# UWC Youth Hunt on KSL Outdoors



## TEX-O-BOB (Sep 12, 2007)

The segment they shot at the UWC youth hunt will air on Saturday night at 6:00 and 11:00 pm on KSL outdoors with Adam Eakle. Make sure to tune in.


----------



## dkhntrdstn (Sep 7, 2007)

Can't wait


----------



## BigAuntB (Apr 30, 2013)

We are all in! Heard there may be footage from last year as well. Should be exciting.


----------



## manysteps (Sep 28, 2009)

BigAuntB said:


> We are all in! Heard there may be footage from last year as well. Should be exciting.


Don't tell Brayden about the last year part of things


----------



## BigAuntB (Apr 30, 2013)

Don't want to break Hollywood's heart do we? I will let it be a surprise. Video maybe?


----------



## manysteps (Sep 28, 2009)

It'd break my heart if for some reason he didn't make the cut, but I'd love to see the video of him watching himself on TV!


----------



## Yahtahay (Jul 3, 2008)

Well I think you got your wish!  Good on all of you for assisting the youth when so many kids these days would rather "PLAY" hunting on the XBOX. I can't wait till my boy is older so I can get him involved.
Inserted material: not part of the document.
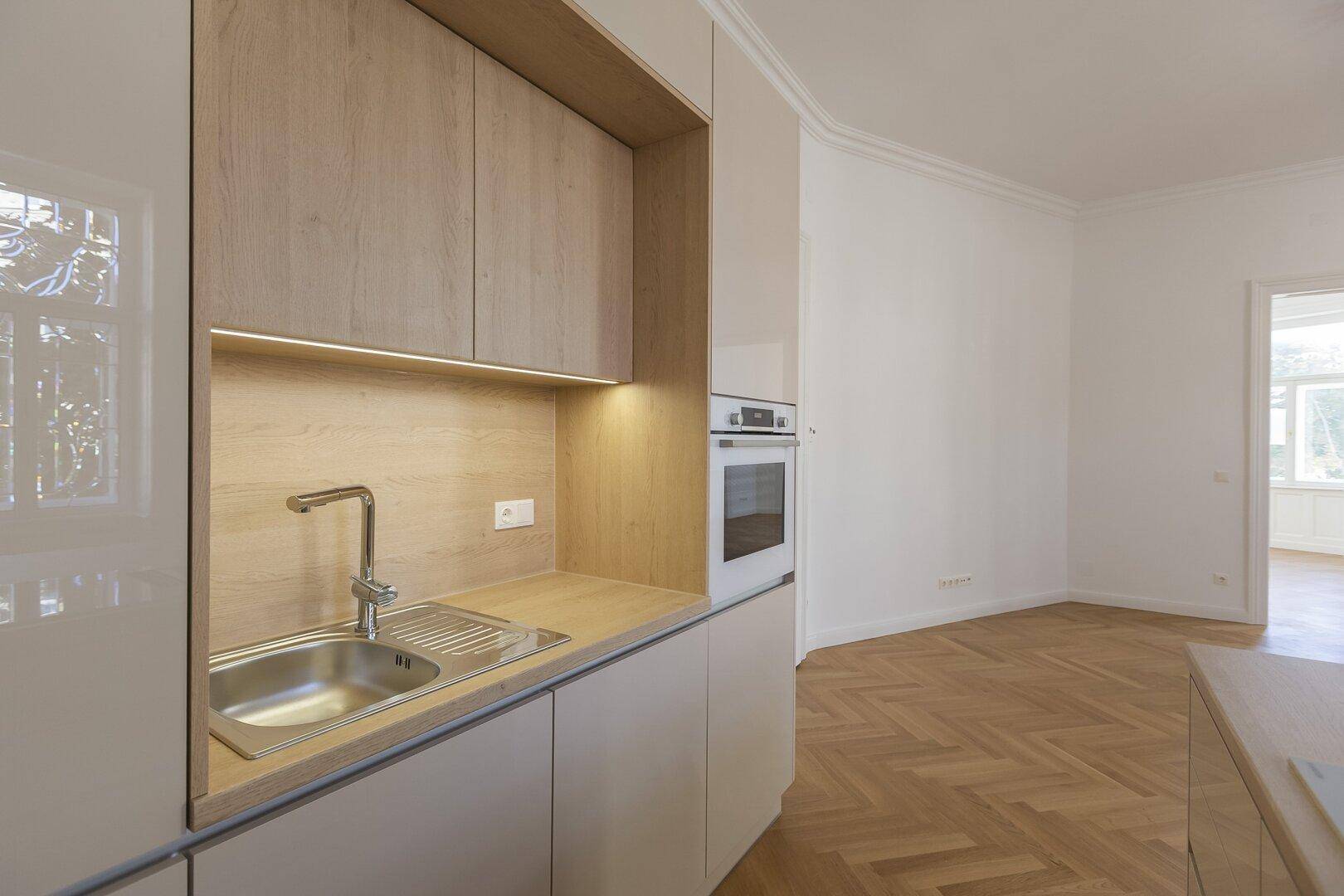 Detailansicht der modernen Küchenzeile mit Spüle, Backofen und Holz-Akzenten.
What a day for UWC and the great members of this forum..I think I also seen a segment of MattInTheWild on the weather portion? Was that him?


----------



## hazmat (Apr 23, 2009)

great show just watched it. uwc is awesome


----------



## outdoorser (Jan 14, 2013)

Way to go guys.


----------



## BigAuntB (Apr 30, 2013)

The UWC is a great organization! The memories of those two weekends will last forever. We cannot wait to see our new found friends again! Thanks again everyone


----------



## Huge29 (Sep 17, 2007)

Well done except for the ugly guide, j/k. Great job guys! That is probably the most cost effective marketing you can get.


----------